Provorov’s goal did not spark the Flyers to some big blowout like in 2012, but it did set an early tone. It’s no coincidence that the team that scored first in every game of the series won. Playing with the lead was crucial to dictating the style.
You knew Provorov was going to be a beast on the blue line and in the defensive zone, but to get that early strike on a shot from the outside was huge for the Flyers, especially after Montreal had seized momentum early in Game 5 with a shorthanded goal.
There is no question that Provorov is the catalyst of the defense, and he played with rotating partners throughout the night. It hardly mattered.
4. Dirty But Good
To beat Carey Price, you have to be willing to take shots from anywhere and get traffic to the net. Provorov’s opening goal was a great example of this. And then you get the quick strike from Kevin Hayes and Michael Raffl’s goal, created by going hard to the net.

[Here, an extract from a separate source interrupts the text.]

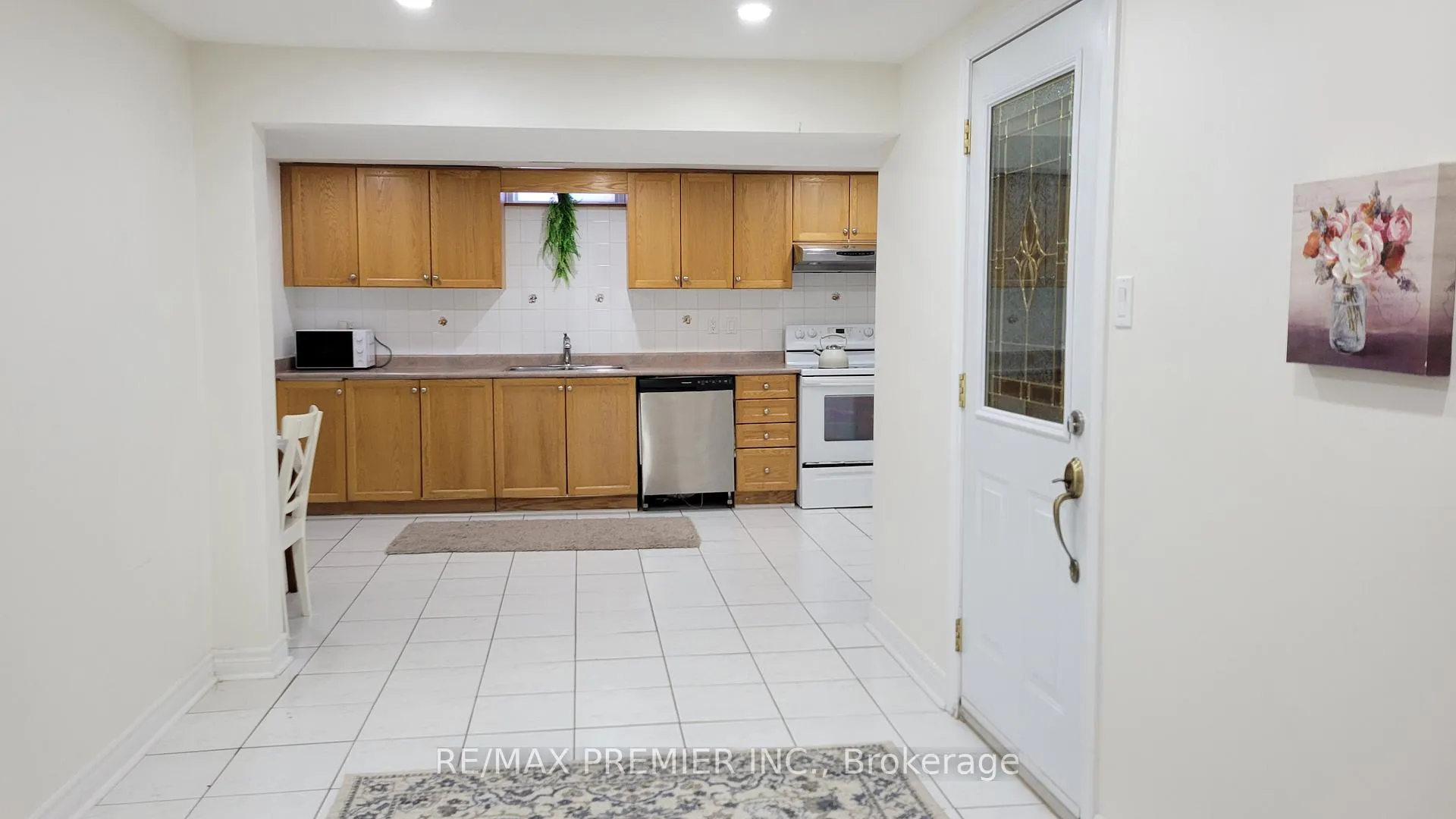Photo 8 of Unit Basement, 25 Granite Street, Vaughan, East Woodbridge — HOMEH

The Flyers only took 17 shots in the clinching game, not nearly enough for their liking. But they also had to play the game that was in front of them. To their credit, they made those shots count, got three goals, went ahead by two twice in the game and never really looked back.
The win and the goals may not have been pretty, but in the playoffs, you will take those greasy goals and the gritty wins because that’s how good teams get it done. It will likely take that kind of showing again in the second round.
5. Not to Their Capabilities
As mentioned, this was an ugly series, no doubt about it. The Flyers had to grind it out for every inch, work incredibly hard for every goal and it took six games to get it done, much longer than many expected. There was no convincing win in this series, and the Flyers may have needed it to be that way.
The good news out of this is that the Flyers can look at this series and feel they managed four wins without playing their best hockey. This certainly didn’t resemble the hockey they played in the Round Robin. If this was the best they could give in this series, and it wasn’t close to their highest level of play, and they still got four wins, it speaks volumes to the team’s depth, ability to adjust to the opposition and their will to win.
There were moments in the series when those things were waning. There were times they didn’t get the depth they had throughout the season. There were times where they struggled to make adjustments. There were times where they didn’t match the will of the Canadiens. But in the end, they are the team heading to the next round.
That says a lot about how far this team has come, even if it was a grind to get it.